Use SaveOutputParameters to stream directly to a FileStream
This avoids the extra memory copy performed when saving to a byte array.
using (var fs = new FileStream("out.docx", FileMode.Create, FileAccess.Write))
{
doc.Save(fs, SaveFormat.Docx);
}
Disable unneeded layout features (e.g., DocumentLayoutOptions.DisableShapeLayout) when you know the document does not contain complex shapes.
doc.LayoutOptions.DisableShapeLayout = true;
Benchmark on a Release build and disable the debugger. The JIT optimisations in a Release build can close a large part of the gap.
Run on the latest runtime (e.g., .NET 8 / .NET 7). The newer runtimes contain JIT and GC improvements that significantly speed up CPU‑heavy operations such as layout and save.
Sample code – The exact call‑sequence you use for Document.Save (including any custom SaveOptions).
With that information we can create a reproducible test case and verify whether the observed slowdown is due to the newer layout engine or something that can be tuned further.
Bottom line
The slowdown you see is a known side‑effect of the higher‑accuracy engine introduced after 13.x.
We are continuously improving performance in each release, and many of the above switches can bring the speed back close to the 13.6 level for typical scenarios.

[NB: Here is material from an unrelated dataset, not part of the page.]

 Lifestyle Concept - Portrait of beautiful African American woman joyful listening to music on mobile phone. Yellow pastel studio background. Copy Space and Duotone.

Using the latest runtime and applying the suggested SaveOptions usually recovers most of the lost performance.
Please let us know the additional details above, and we’ll be happy to dive deeper into a specific optimization for your use case.
@HLBMOF Could you please provide your input documents and test code that will allow us to reproduce the problem? We will check the issue and provide you more information.